Introduction
Topics covered in this chapter:
The Xpress Natural Language Support (XPRNLS) component comes as a command line tool and a library.
- The command line tool supports various commands for transcoding text files (such as converting a text file from one encoding to another encoding) and managing message catalogs (for message translations).
- The library offers a system-independent set of routines for converting text buffers and streams from/to some encoding to/from UTF-8. It also implements a mechanism to handle message translation.

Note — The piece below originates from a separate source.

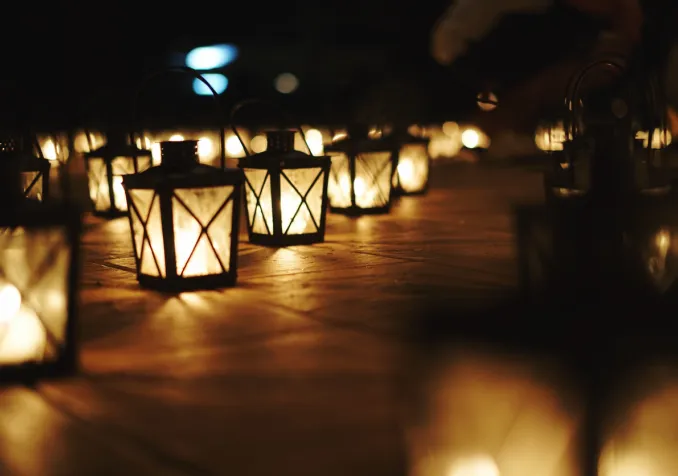 Ce que nous célébrons à Noël, c’est que cette histoire de Pâques vient s’installer dans nos propres histoires. Elle vient comme les illuminer de l’intérieur: là où nous butons contre nos fragilités et des impasses, une autre histoire commence à se dire. ©iStock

Character encoding conversion
The main feature of the XPRNLS library is character encoding conversion: it provides dedicated routines to ease the writing of programs that work with text data encoded with heterogeneous encodings. The reference encoding used by the XPRNLS library is UTF-8 and the functions it publishes handle conversions between UTF-8 and other encodings.
The functionality of the library is made accessible from the command line via the xprnls command tool that enables shell scripts to convert text files from one encoding to another.
Character encodings are identified by encoding names. The library supports natively the encodings UTF-8, UTF-16, UTF-32, ISO-8859-1, ISO-8859-15, CP1252 and US-ASCII: these encodings are therefore available on all systems. By default UTF-16 and UTF-32 use the byte order of the architecture of the running system (e.g. big endian on a Sparc processor) but the byte order may be selected by appending LE (Little Endian) or BE (Big Endian) to the encoding name (e.g. UTF-16LE).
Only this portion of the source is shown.